La passione per il gesto e la voglia di portare in alto un lavoro difficile e sempre meno conosciuto hanno fatto di lui un viso familiare per i tanti che si sono serviti del suo sapere: “Ero a Torino, avevo 13 anni e ho iniziato a fare questo mestiere. Oddio, devo ammettere che i primi filetti me li hanno fatti togliere a 16 anni, perché prima guardavo i veri macellai e pulivo i pavimenti. Ne ho puliti di pavimenti e quello che posso dire è che in questo mestiere ci vuole pazienza e tanta volontà, quella che i ragazzi di oggi forse hanno un po’ perso”.

I ragazzi di oggi Francesco li conosce bene, oltre che presidente dei macellai valdostani è anche insegnante macellaio alla scuola alberghiera di Châtillon, dove i futuri protagonisti dell’agroalimentare e della ristorazione valdostana si formano: “I ragazzi hanno molta fretta oggi, vogliono essere in grado di fare tutto subito, ma ogni cosa ha il suo tempo e la macelleria anche. Questo è un lavoro duro e va fatto bene perché il cliente merita qualità e serietà, caratteristiche che nei supermercati non si trovano, nemmeno qui in Valle. È difficile trovare ragazzi disposti a rilevare un’attività del genere dove la fatica non manca”.

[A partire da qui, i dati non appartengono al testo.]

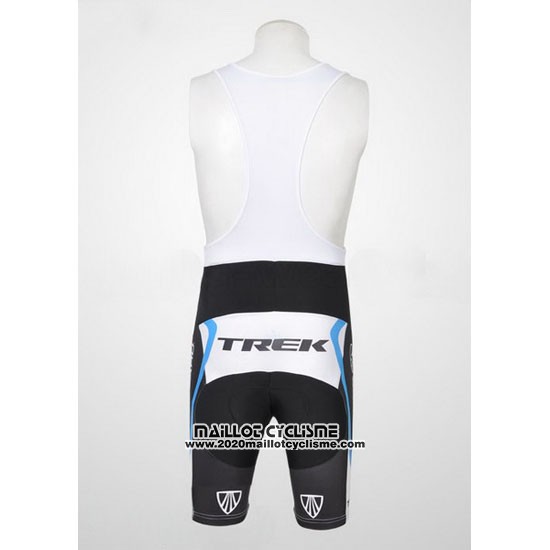 2011 Maillot Ciclismo Subaru Blanc et Noir Manches Courtes et Cuissard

A portare Francesco in Valle d’Aosta da Torino fu Giuliana Rosset, nota imprenditrice, che introdusse Ponzio a Quart, dove lavorò dal 1982 al 1985. Dopo 3 anni la prima svolta: una signora di Gressan, proprietaria di una macelleria nel centro del paese vende e Francesco inizia così a legarsi al comune. Dopo alcuni anni l’ex sindaco Cottino lo invita ad aprire anche a Pila e inizia un’avventura che lo vedrà gestore insieme alla moglie Elena del negozio in centro e di quello a Pila: “Ci incontravamo a Les Fleurs – scherza Francesco – , lei mi dava le istruzioni per le consegne da preparare in paese e io le raccontavo la giornata a Pila. Era davvero dura, ma abbiamo mandato avanti le due macellerie per ben 13 anni. Dopodiché la mia pressione alta e la mole di lavoro mi hanno obbligato a rinunciare a Pila”.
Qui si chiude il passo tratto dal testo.